En 1876, la derrota de los carlistas en lo que fue su segundo y último asalto bélico hizo que la paciencia y transigencia de amplios sectores liberales se desbordara. En el País Vasco la opinión liberal cuestionaba la determinación de los que querían acabar con los fueros. ¿Por qué la derrota del carlismo se tenía que saldar con la abolición? Ellos mismos eran fueristas y habían demostrado su lealtad al poner en juego sus vidas en la lucha contra los carlistas.

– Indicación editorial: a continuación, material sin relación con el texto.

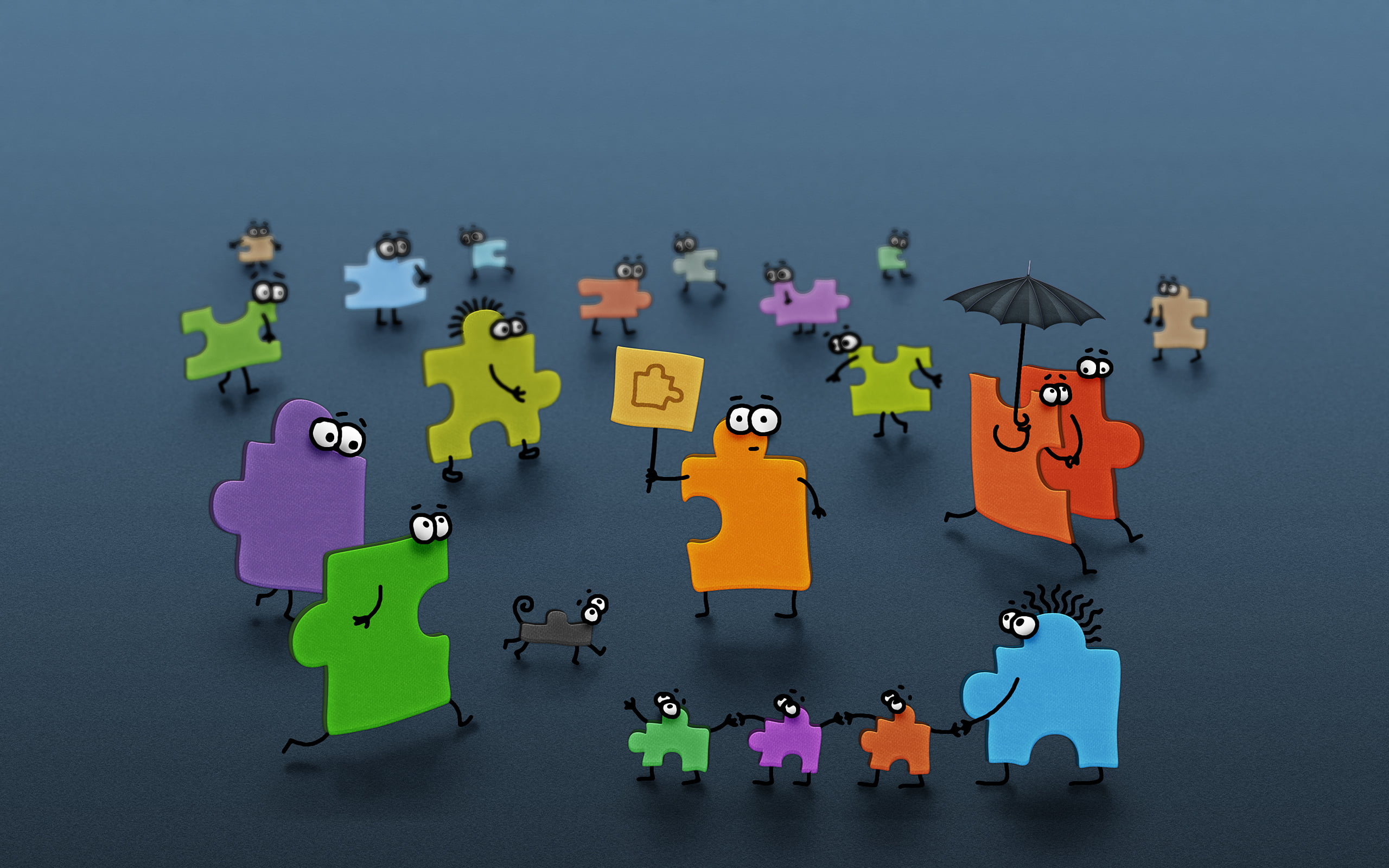 puzzle, symbol, standing Out From The Crowd, concepts, multi colored, clip, connect the Dots, large group of objects, three-dimensional Shape, unity, blue, HD Wallpaper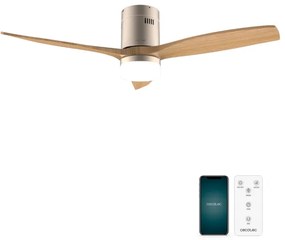 Ventoinha de teto EnergySilence Aero 5600 Aqua GoldLightWood Connected de 40 W e 52’’ com controlo remoto, controlo por Wi-Fi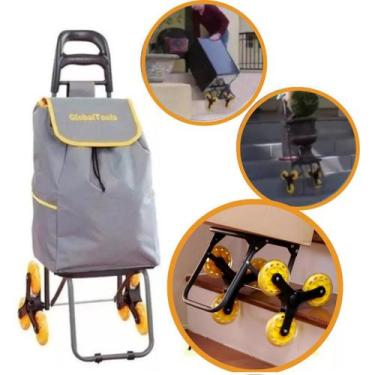 Imagem de Carrinho De Carga 6 Rodas Sobe Escada Com Sacola Feira - Suporta 40kg 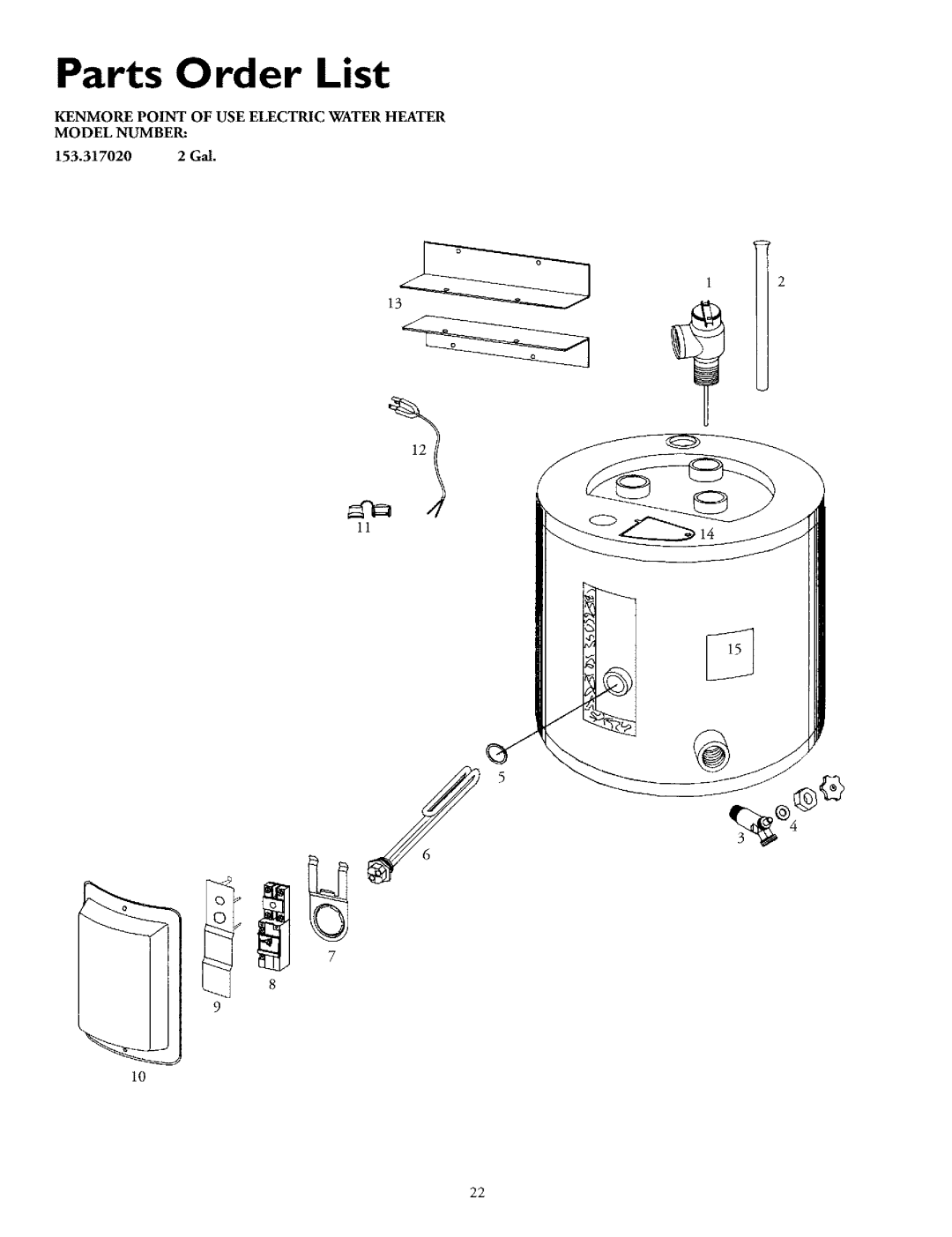 Kenmore 153.31702 owner manual Parts Order List 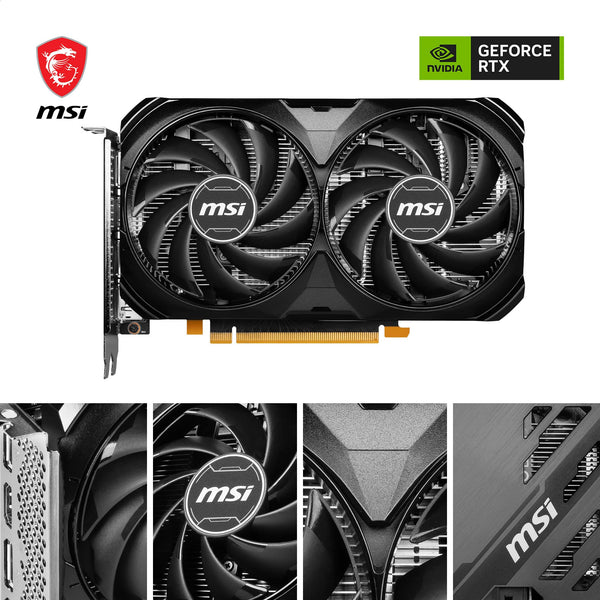 MSI GeForce RTX 4060 VENTUS 2X WHITE 8G OC Gaming Graphics Card - 8GB GDDR6X, PCI Express Gen 4, 128-bit, 3x DP v 1.4a, HDMI 2.1a (Supports 4K & 8K HDR)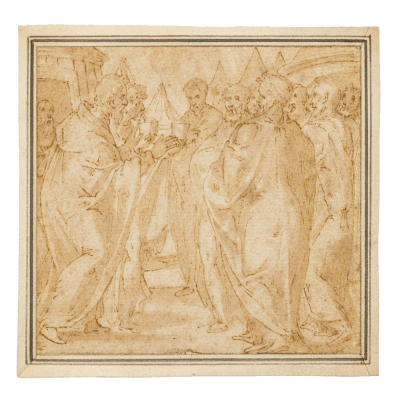 Tadeo Zuccaro (Urbino, 1529 -1566) Dibujo sobre papel, Escuela Renacentista Italiana S. XVI.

Para Cánovas del Castillo, Presidente del Gobierno, la situación obligaba a hacer un auténtico encaje de bolillos. Por un lado no se debía perjudicar a los liberales vascos pero, por otro, eran muchas las voces que pedían la abolición de los fueros. Cánovas se vio obligado reinventar una fórmula por la que se hacían desaparecer los fueros al mismo tiempo que se creaba la figura de los Conciertos Económicos, piedra angular de una amplia autonomía administrativa para los vascos. No obstante, antes de la novedad se vivió el proceso que condujo a la pérdida de los fueros.
Retirada de los vencidos
Los debates en las Cortes fueron intensos. Los diputados vascos defendieron a capa y espada sus tesis, mientras que frente a ellos se esgrimían los más puros conceptos políticos del liberalismo. La polémica también se instaló en la calle. La violencia carlista había generado cierto sentimiento de animadversión hacia el País Vasco y una lógica postura antiforal. Cánovas no quiso, bajo ningún concepto, que la abolición de los fueros se interpretase como la consecuencia de una victoria militar, sino como el resultado del debate de las ideas. í‰l quería que la polémica ley se aplicara «por igual á todos los habitantes de la Provincias Vascongadas, aunque se señalan ciertas concesiones justas á los liberales de este país, sin que se resienta la unidad constitucional».
En su rechazo, los diputados vascos se quedaron solos frente a la aprobación de la Ley abolitoria de 21 de julio de 1876. Aquel día, tal y como cuenta Pérez Arregui, «nuestros representantes, aunque no humillados, abandonaron sus escaños con la pesadumbre de ver abolidos nuestros fueros y libertades. No se oyeron aplausos; a la retirada de los vencidos acompañaba un silencio impuesto por respeto a ellos y también seguramente por la voz de la conciencia delatora de una acción vituperable. Porque a aquella voz se unió otra, la de Castelar, diciendo: «Algo grande muere hoy en España». Fue el punto y final a cuatro siglos de foralidad. Aunque, puestos al día, los vascos penetrarían poco tiempo después por un camino más acorde con los nuevos tiempos: los Conciertos Económicos.